[Start of Attachment]

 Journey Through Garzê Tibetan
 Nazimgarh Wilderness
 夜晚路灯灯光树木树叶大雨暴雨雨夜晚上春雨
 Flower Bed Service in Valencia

[End of Attachment]

When transcribing the data, keep every line exactly as it is.

◆ The answer:
 Journey Through Garzê Tibetan
 Nazimgarh Wilderness
 夜晚路灯灯光树木树叶大雨暴雨雨夜晚上春雨
 Flower Bed Service in Valencia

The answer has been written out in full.